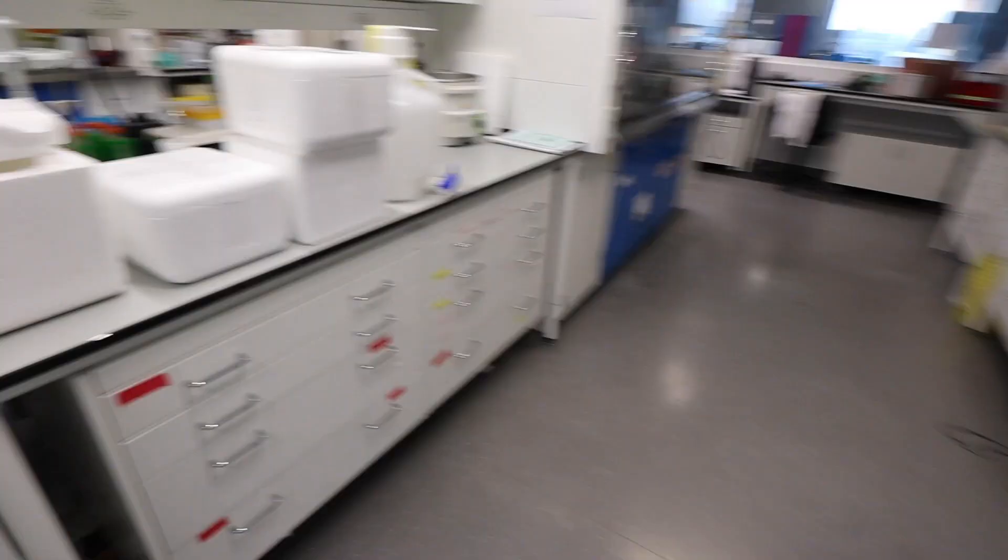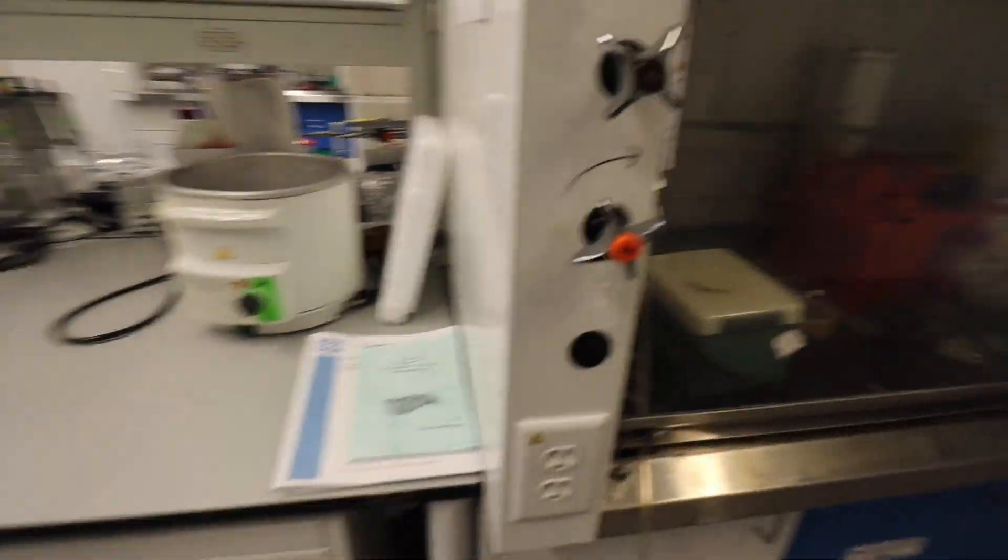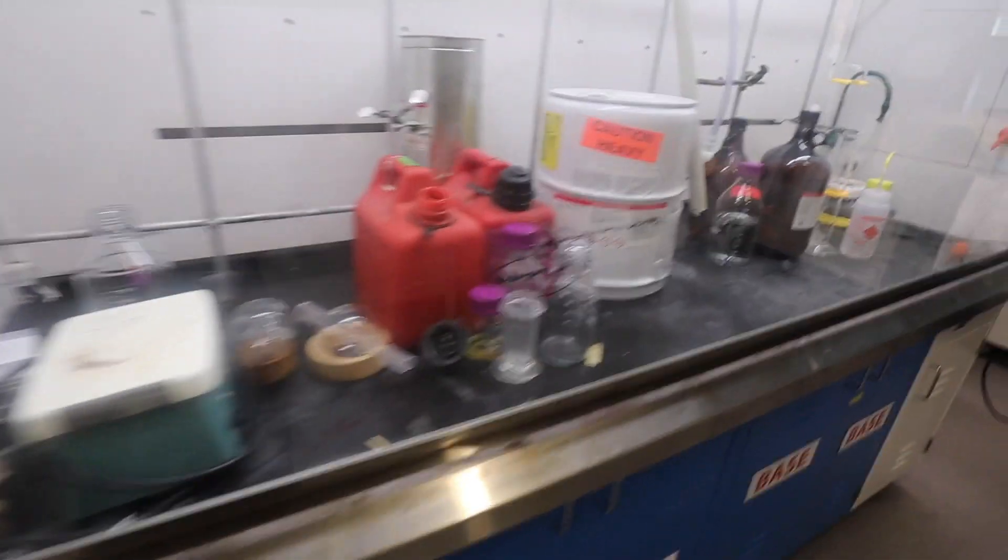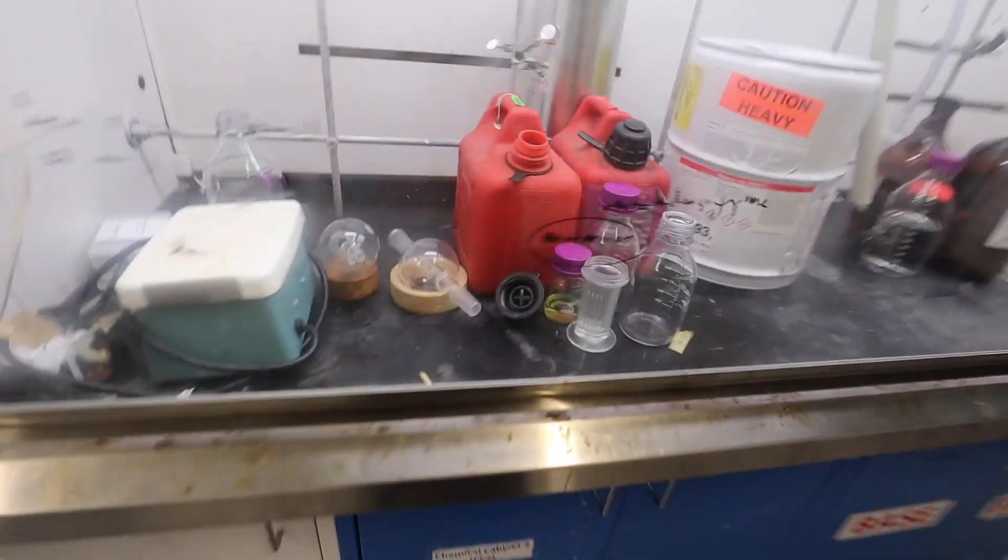So right away when you walk in, this used to be KK's lab space but he finished his postdoc and he is working now so this is not occupied by anybody but as you can see we use it for solvent storage now apparently.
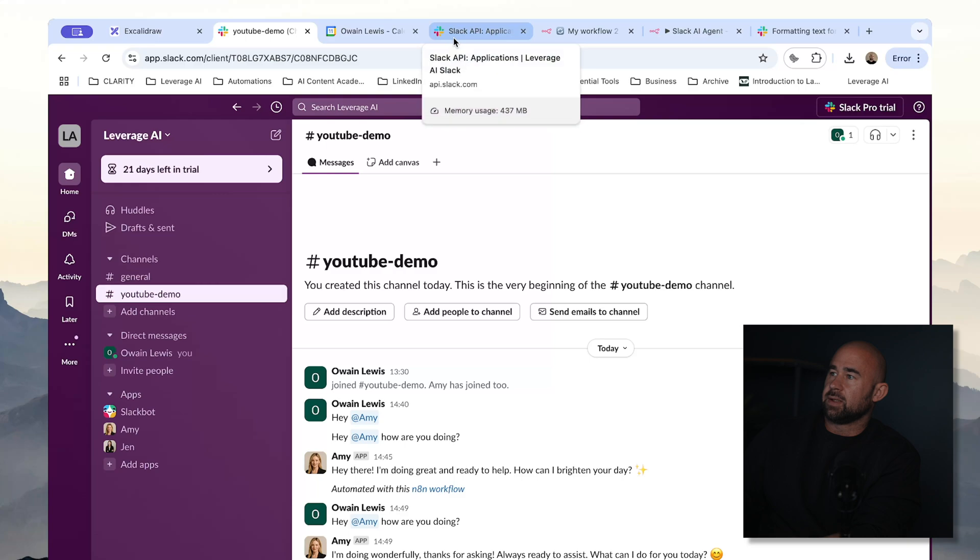That should be the final step in the automation. Now that you have your AI agent set up and working correctly, you can start adding additional tools. If you're working in a team there are many things you might want to automate — you can plug in anything you like and give your AI agent access to your tools, your data, whatever you like. I hope you enjoyed the video. If you have any questions or comments, feel free to leave them below. Remember to like and subscribe, and I'll see you in the next video. Thanks for watching.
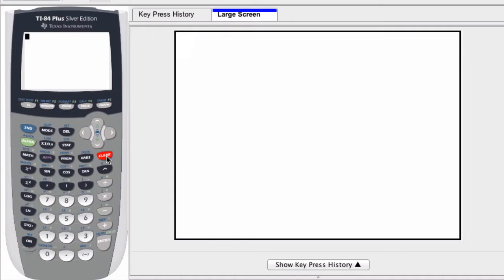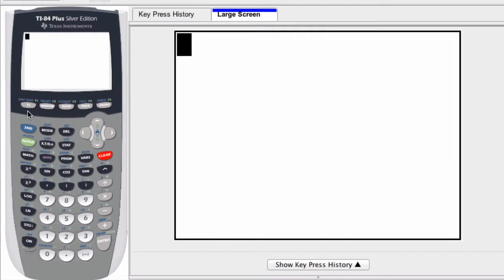We can actually define an expression right from our home screen or through a program. We don't have to always click our y equals editor. How do we do that?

++++++

Pictures stay out; everything else in the listing above gets restated word for word.

Answer to the exercise:
So right away when you walk in, this used to be KK's lab space but he finished his postdoc and he is working now so this is not occupied by anybody but as you can see we use it for solvent storage now apparently.
That should be the final step in the automation. Now that you have your AI agent set up and working correctly, you can start adding additional tools. If you're working in a team there are many things you might want to automate — you can plug in anything you like and give your AI agent access to your tools, your data, whatever you like. I hope you enjoyed the video. If you have any questions or comments, feel free to leave them below. Remember to like and subscribe, and I'll see you in the next video. Thanks for watching.
We can actually define an expression right from our home screen or through a program. We don't have to always click our y equals editor. How do we do that?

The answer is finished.